Provides access to the database URL from the crawler settings.

This property is used to retrieve the database URL defined in the crawler’s settings. It is helpful when a database configuration needs to be accessed dynamically.

Returns:: The database URL as defined in the crawler’s configuration
Return type:: str or None

property db_type

Retrieves the database type from the crawler settings.

This property fetches the value assigned to the key DB_TYPE within the crawler_settings. Defaults to ‘postgres’ if the key is not set.

Returns:: The database type as a string.
Return type:: str

property db_items_table: Return static table name for items

property db_requests_table

This property fetches the name of the database table used to store request information. It retrieves the value from crawler settings if defined; otherwise, it defaults to the value of DEFAULT_REQUESTS_TABLE.

Returns:: Name of the database table for storing requests.
Return type:: str

property db_logs_table

Retrieve the name of the database logs table.

This property fetches the value of the database logs table name provided in the crawler settings. If the value is not explicitly defined in the settings, it falls back to the default logs table.

Returns:: The name of the database logs table.
Return type:: Str

property create_tables

Retrieve the setting for creating database tables from crawler settings.

This property fetches the value of the ‘CREATE_TABLES’ option from the crawler settings. If the option is not specified in the settings, it defaults to True.
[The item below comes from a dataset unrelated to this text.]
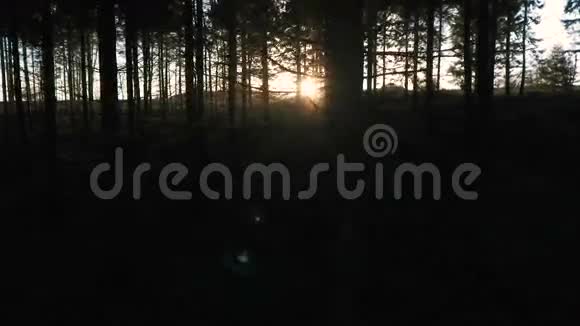 日落或日出时的稳定跟踪拍摄在黑暗森林中的树木中闪耀视频的预览图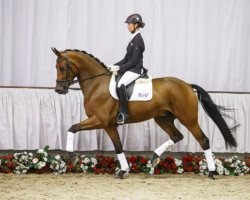 dressage horse Staatslob (Rhinelander, 2011, from Statesman OLD)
Returns:: Boolean value indicating whether to create tables.
Return type:: Bool

get_tz()[source]: Return the timezone string for the project. This checks for a ‘TIMEZONE’ setting in the crawler settings and falls back to the default (‘Asia/Karachi’). :returns: The timezone string (e.g., ‘Asia/Karachi’). :rtype: str

static get_identifier_column()[source]: Get the identifier column name

get_identifier_value(spider)[source]: Get the identifier value with smart fallback

Utilities

scrapy_item_ingest.config.settings.validate_settings(settings)[source]: Validate configuration settings

Notes

Configure DB via DB_URL or discrete fields (DB_HOST, DB_PORT, DB_USER, DB_PASSWORD, DB_NAME).
Default tables: job_items, job_requests, job_logs.
See configuration and quickstart for practical examples.
type:

dict

default:

{‘size’: 100, ‘timeout’: 30}

Configuration:

BATCH_SETTINGS = { 'size': 1000, # Items per batch 'timeout': 60, # Batch timeout in seconds 'max_memory': 512, # Max memory per batch (MB) }
Methods:
scrapy_item_ingest.config.settings.validate()
Validate all configuration settings.

Returns:

List of validation errors

Return type:

list[str]

Raises:

ConfigurationError if critical settings are invalid

Example:

settings = Settings() errors = settings.validate() if errors: raise ConfigurationError(f"Configuration errors: {errors}")
scrapy_item_ingest.config.settings.from_crawler_settings(crawler_settings)

Create Settings instance from Scrapy crawler settings.

Parameters:

crawler_settings (scrapy.settings.Settings) – Scrapy settings object

Returns:

Configured Settings instance

Return type:

Settings

scrapy_item_ingest.config.settings.get_database_url()

Get database URL with environment variable substitution.

Returns:

Processed database URL

Return type:

str

Raises:

ConfigurationError if URL is invalid

scrapy_item_ingest.config.settings.get_table_name(table_type)

Get table name for specified table type.

Parameters:

table_type (str) – Type of table (‘items’, ‘requests’, ‘logs’)

Returns:

Table name

Return type:

str

Validation Functions

Settings Validation

scrapy_item_ingest.config.settings.validate_settings(settings)[source]

Validate configuration settings

Comprehensive validation of pipeline settings.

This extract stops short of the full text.